Barbara Winter

Myf-6, a new member of the human gene family of myogenic determination factors: evidence for a gene cluster on chromosome 12.

The Myf‐6 gene, a novel member of the human gene family of muscle determination factors has been detected by its highly conserved sequence coding for a putative helix‐loop‐helix domain. This sequence motif is a common feature of all Myf factors and other regulatory proteins. The new Myf gene is located on human chromosome 12, approximately 6.5 Kb upstream of the Myf‐5 locus in a closely linked cluster of myogenic determination genes. Myf‐6 cDNAs were isolated from human and mouse skeletal muscle, the only tissue in which expression of the corresponding mRNA was observed.
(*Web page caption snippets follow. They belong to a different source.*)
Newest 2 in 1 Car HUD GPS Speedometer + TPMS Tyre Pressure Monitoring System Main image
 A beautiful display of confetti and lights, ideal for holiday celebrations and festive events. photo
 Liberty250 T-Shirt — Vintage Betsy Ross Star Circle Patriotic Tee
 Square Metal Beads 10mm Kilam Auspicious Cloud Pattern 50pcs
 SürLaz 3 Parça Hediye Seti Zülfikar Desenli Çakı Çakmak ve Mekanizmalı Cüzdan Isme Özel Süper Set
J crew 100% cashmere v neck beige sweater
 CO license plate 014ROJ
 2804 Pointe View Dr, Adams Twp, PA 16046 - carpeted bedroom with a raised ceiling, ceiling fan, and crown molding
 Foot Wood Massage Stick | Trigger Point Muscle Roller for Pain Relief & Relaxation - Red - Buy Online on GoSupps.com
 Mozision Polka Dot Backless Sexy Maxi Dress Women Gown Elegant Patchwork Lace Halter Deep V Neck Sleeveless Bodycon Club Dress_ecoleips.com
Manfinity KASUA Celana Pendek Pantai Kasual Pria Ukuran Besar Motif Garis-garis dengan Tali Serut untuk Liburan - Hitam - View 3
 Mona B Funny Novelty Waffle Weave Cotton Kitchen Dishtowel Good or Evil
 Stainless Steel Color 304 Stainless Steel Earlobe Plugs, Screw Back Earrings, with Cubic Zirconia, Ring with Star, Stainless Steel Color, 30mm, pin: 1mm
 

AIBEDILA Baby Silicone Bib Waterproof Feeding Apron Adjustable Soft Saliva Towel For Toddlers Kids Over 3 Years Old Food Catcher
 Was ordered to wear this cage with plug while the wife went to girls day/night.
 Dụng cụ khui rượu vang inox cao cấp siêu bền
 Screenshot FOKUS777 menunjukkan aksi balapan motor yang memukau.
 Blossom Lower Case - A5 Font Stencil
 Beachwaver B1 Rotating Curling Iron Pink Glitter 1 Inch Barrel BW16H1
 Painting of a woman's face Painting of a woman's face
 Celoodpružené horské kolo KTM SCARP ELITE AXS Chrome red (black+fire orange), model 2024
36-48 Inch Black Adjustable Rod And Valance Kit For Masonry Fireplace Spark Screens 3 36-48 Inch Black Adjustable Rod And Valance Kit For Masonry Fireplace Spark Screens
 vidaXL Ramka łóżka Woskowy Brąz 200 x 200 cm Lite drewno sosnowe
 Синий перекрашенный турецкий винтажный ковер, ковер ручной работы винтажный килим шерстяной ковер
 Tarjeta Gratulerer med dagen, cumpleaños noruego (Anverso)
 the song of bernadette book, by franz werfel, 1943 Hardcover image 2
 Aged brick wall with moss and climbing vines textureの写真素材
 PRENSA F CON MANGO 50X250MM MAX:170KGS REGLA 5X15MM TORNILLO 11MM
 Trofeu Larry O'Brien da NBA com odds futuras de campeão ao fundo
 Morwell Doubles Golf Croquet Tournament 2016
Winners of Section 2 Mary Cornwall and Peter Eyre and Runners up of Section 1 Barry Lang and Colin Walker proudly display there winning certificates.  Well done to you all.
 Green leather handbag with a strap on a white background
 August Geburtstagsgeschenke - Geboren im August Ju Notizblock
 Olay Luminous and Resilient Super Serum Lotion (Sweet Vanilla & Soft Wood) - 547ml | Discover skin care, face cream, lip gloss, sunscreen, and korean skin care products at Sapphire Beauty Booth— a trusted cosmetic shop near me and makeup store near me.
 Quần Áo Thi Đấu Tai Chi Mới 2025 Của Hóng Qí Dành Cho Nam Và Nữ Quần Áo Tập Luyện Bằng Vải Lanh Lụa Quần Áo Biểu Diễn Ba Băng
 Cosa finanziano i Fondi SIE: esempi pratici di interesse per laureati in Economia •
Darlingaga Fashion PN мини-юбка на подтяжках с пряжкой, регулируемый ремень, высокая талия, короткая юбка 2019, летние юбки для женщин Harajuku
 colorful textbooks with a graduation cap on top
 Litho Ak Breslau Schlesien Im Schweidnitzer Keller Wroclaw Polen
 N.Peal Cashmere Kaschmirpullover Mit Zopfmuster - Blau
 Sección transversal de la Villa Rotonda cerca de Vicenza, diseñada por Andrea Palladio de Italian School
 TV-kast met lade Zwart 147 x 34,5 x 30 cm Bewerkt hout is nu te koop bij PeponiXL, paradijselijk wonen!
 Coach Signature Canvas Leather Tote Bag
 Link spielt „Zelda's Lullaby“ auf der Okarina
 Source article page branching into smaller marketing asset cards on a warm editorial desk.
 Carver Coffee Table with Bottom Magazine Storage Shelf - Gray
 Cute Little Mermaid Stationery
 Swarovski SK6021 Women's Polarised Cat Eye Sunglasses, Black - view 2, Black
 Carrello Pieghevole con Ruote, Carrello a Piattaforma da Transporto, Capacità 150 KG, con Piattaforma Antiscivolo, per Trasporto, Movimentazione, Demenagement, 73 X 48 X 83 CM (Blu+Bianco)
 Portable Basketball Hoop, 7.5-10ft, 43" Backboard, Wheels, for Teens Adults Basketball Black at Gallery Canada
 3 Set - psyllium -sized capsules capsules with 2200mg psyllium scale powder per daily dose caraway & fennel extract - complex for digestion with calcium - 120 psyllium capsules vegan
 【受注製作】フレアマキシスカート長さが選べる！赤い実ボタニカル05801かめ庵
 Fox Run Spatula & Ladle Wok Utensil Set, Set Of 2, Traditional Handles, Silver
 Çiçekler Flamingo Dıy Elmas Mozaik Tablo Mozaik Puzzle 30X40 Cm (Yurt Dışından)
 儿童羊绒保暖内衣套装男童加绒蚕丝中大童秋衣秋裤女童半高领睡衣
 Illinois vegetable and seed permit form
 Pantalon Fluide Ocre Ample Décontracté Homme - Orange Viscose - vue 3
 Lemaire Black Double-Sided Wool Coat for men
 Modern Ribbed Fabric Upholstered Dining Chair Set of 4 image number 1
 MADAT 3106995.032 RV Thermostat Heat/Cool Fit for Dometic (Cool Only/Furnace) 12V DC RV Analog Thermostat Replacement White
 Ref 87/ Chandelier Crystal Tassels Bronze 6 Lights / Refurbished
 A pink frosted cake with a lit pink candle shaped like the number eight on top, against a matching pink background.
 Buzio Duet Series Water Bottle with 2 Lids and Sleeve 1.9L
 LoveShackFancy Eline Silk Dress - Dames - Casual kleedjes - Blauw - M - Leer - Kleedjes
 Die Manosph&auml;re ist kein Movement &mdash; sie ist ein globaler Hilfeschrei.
In contrast to human primary muscle cell cultures which express moderate levels of Myf‐6 mRNA, most established rodent muscle cell lines completely lack this mRNA. Myogenic 10T1/2 cells, however, induced by the expression of either pEMSV‐Myf‐4 or pEMSV‐Myf‐5 activate their endogenous mouse Myf‐6 gene. Constitutive expression of Myf‐6 cDNA in C3H 10T1/2 fibroblasts establishes the muscle phenotype at a similar frequency to the previously characterized myogenic factors. Moreover, muscle‐specific CAT reporter constructs containing either the human myosin light chain (MLC) enhancer or the promoter of the embryonic myosin light chain gene are activated in NIH 3T3 fibroblasts or in CV1 kidney cells by cotransfection of Myf‐6 expression vehicles. This transcriptional activation occurs in the absence of any apparent conversion of the cellular phenotype of the recipient cells. Glutathione‐S‐transferase fusion proteins with Myf‐3, Myf‐4 or Myf‐5 specifically bind to a MEF‐like consensus sequence present in the human MLC enhancer and the MLC1 emb promoter. In contrast, the Myf‐6 hybrid protein interacts weakly with the same sequences showing lower affinity and reduced specificity. Since co‐expressed pEMSV‐Myf‐6, nevertheless, is able to activate transcription of the MLC‐CAT reporter constructs in non‐muscle tissue culture cells, the different DNA binding properties in vitro might suggest that transactivation of gene expression by Myf‐6 involves distinct binding sites and/or additional protein factors.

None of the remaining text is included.